From 5836a653373a382ee3d3b287ab5377230852a554 Mon Sep 17 00:00:00 2001
From: Tom Lane <tgl@sss.pgh.pa.us>
Date: Mon, 13 Mar 2023 19:13:35 -0400
Subject: [PATCH v2 5/6] Don't create useless TableAttachInfo objects.

It's silly to create a TableAttachInfo object that we're not
going to dump, when we know perfectly well at creation time
that it won't be dumped.

Discussion: https://postgr.es/m/1376149.1675268279@sss.pgh.pa.us
---
 src/bin/pg_dump/common.c  | 3 ++-
 src/bin/pg_dump/pg_dump.c | 3 ---
 2 files changed, 2 insertions(+), 4 deletions(-)

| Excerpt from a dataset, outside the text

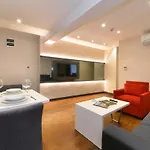 Hotel Nish &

diff --git a/src/bin/pg_dump/common.c b/src/bin/pg_dump/common.c
index 44558b60e8..df48d0bb17 100644
--- a/src/bin/pg_dump/common.c
+++ b/src/bin/pg_dump/common.c
@@ -336,7 +336,8 @@ flagInhTables(Archive *fout, TableInfo *tblinfo, int numTables,
         }

         /* Create TableAttachInfo object if needed */
-        if (tblinfo[i].dobj.dump && tblinfo[i].ispartition)
+        if ((tblinfo[i].dobj.dump & DUMP_COMPONENT_DEFINITION) &&
+            tblinfo[i].ispartition)
         {
             TableAttachInfo *attachinfo;

diff --git a/src/bin/pg_dump/pg_dump.c b/src/bin/pg_dump/pg_dump.c
index 7f40b455af..a4a06b4a20 100644
--- a/src/bin/pg_dump/pg_dump.c
+++ b/src/bin/pg_dump/pg_dump.c
@@ -16120,9 +16120,6 @@ dumpTableAttach(Archive *fout, const TableAttachInfo *attachinfo)
     if (dopt->dataOnly)
         return;

-    if (!(attachinfo->partitionTbl->dobj.dump & DUMP_COMPONENT_DEFINITION))
-        return;
-
     q = createPQExpBuffer();

     if (!fout->is_prepared[PREPQUERY_DUMPTABLEATTACH])
--
2.31.1

From dcdf1c516d06afa75759d38e0903b8585b95ef72 Mon Sep 17 00:00:00 2001
From: Tom Lane <tgl@sss.pgh.pa.us>
Date: Mon, 13 Mar 2023 19:16:48 -0400
Subject: [PATCH v2 6/6] Simplify pg_dump's creation of parent-table links.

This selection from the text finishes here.